The first podiatry organization to research, draft, and submit their PPGs to the National Guidelines Clearinghouse and to have such guidelines approved was the American College of Foot & Ankle Surgeons. However, the Board of Trustees for the Academy of Ambulatory Foot Surgery (now the Academy of Minimally Invasive Foot and Ankle Surgery) under the leadership of their then president, now prominent healthcare attorney, Lawrence Kobak, DPM, JD, felt that...


Editor's note: Dr. Cowin's extended-length letter can be read here.



From: Robert Scott Steinberg, DPM


Sorry, Dr. Trench, but I can't agree with your ideas! I own the foot. You want me to only own part of the foot. Added to that, we will spend the next 50 years explaining our fractured-in-half profession to patients and physicians. That's not going to happen. The residency program at Norwegian American Hospital, headed by Louis Santangelo, DPM, teaches both podiatric medicine and surgery. We have a three times a week foot and ankle clinic at the hospital. Residents also rotate through attendings' offices. In addition, Norwegian American Hospital hosts a twelve-slot family practice residency program, giving our podiatric residents further immersion in medicine. 

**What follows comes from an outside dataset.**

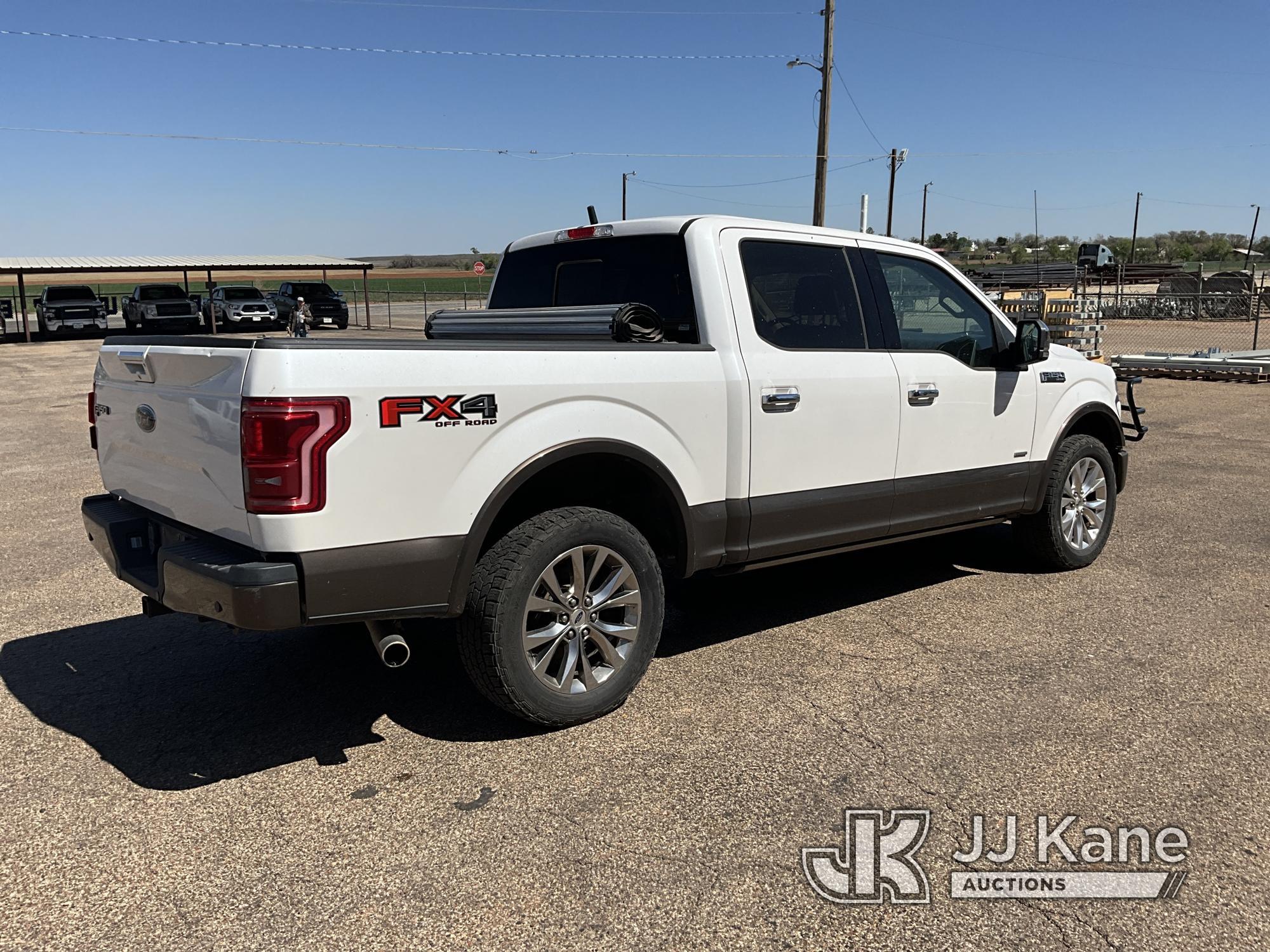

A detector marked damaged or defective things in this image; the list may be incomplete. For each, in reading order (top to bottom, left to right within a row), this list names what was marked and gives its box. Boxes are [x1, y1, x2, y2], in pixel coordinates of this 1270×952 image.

cracked asphalt [2, 335, 1270, 949]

So, be careful before you break something.


Robert Scott Steinberg, DPM, Schaumburg, IL



From: Dieter J Fellner, DPM


Dr. Epstein asks: “it is recommended that diabetic patients should have a baseline ABI performed? Recommended by whom, I ask?” 


Answer: The American Society of Vascular Surgery recommends that any diabetic patient aged 50+ should have baseline ABIs.


We perform ABIs accordingly and have the vascular surgery team visit the office for follow-up, as necessary.